Juntamente con mis colaboradores, los Ordinarios católicos, algunos cardenales y otros muchos obispos, celebré la santa misa en la plaza central de la ciudad, que confina con la gruta donde María dio a luz a Jesús y lo recostó en un pesebre. Se renovó, en el misterio, la alegría de la Navidad, la alegría del gran jubileo. Tenía la impresión de estar escuchando de nuevo el oráculo de Isaías: "Nos ha nacido un niño, nos ha sido dado un hijo" (Is 9, 5), así como el mensaje de los ángeles: "Os anuncio una gran alegría, que será para todo el pueblo: hoy, en la ciudad de David, os ha nacido un salvador, el Cristo Señor" (Lc 2, 10-11).

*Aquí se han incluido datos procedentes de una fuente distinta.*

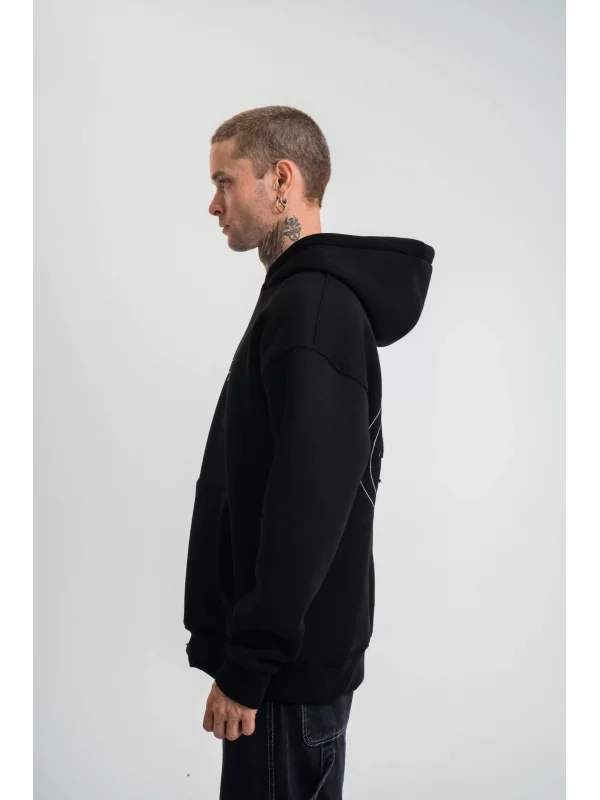 ERKEK Üç İplik Kapşonlu Nakışlı SweatShirt - Siyah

Por la tarde, con emoción me arrodillé en la gruta de la Natividad, donde sentí espiritualmente presente a toda la Iglesia, a todos los pobres del mundo, en medio de los cuales Dios quiso plantar su tienda. Un Dios que, para que volviéramos a su casa, se convirtió en desterrado y prófugo. Este pensamiento me acompañó mientras, antes de partir de los territorios autónomos palestinos, visité, en Belén, uno de los diversos campos, donde desde hace mucho tiempo viven más de tres millones de refugiados palestinos. Ojalá que el compromiso de todos lleve finalmente a la solución de este doloroso problema.

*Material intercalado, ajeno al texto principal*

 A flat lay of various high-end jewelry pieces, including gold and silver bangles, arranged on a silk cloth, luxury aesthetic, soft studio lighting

4. El recuerdo de Jerusalén es indeleble en mi alma. Es grande el misterio de esta ciudad, en la que la plenitud de los tiempos, por decirlo así, se hizo "plenitud del espacio". En efecto, en Jerusalén tuvo lugar el acontecimiento central y culminante de la historia de la salvación: el misterio pascual de Cristo. Allí se reveló y realizó la finalidad por la que el Verbo se hizo carne: en su muerte de cruz y en su resurrección "todo se cumplió" (cf. Jn 19, 30). En el Calvario la Encarnación se manifestó como Redención, de acuerdo con el plan eterno de Dios.

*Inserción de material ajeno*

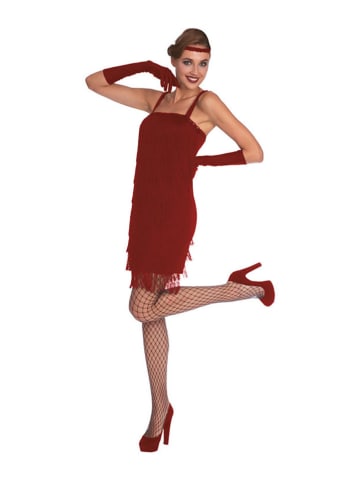 amscan 3-częściowy kostium "Red Flapper Dress" w kolorze czerwonym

Las piedras de Jerusalén son testigos mudos y elocuentes de este misterio, comenzando por el Cenáculo, donde celebramos la santa eucaristía en el lugar mismo en el que Jesús la instituyó. Donde nació el sacerdocio cristiano recordé a todos los sacerdotes y firmé mi carta dirigida a ellos para el próximo Jueves santo.
Testimonian el misterio los olivos y la roca de Getsemaní, donde Cristo, embargado por una angustia mortal, oró al Padre antes de su pasión. De modo particular, testimonian aquellas horas dramáticas el Calvario y la tumba vacía, el santo Sepulcro. Precisamente allí, el domingo pasado, día del Señor, renové el anuncio de la salvación que atraviesa los siglos y los milenios: ¡Cristo resucitó! Fue el momento en que mi peregrinación alcanzó su cima. Por eso, sentí la necesidad de ir por la tarde a orar de nuevo al Calvario, donde Cristo derramó su sangre por la humanidad.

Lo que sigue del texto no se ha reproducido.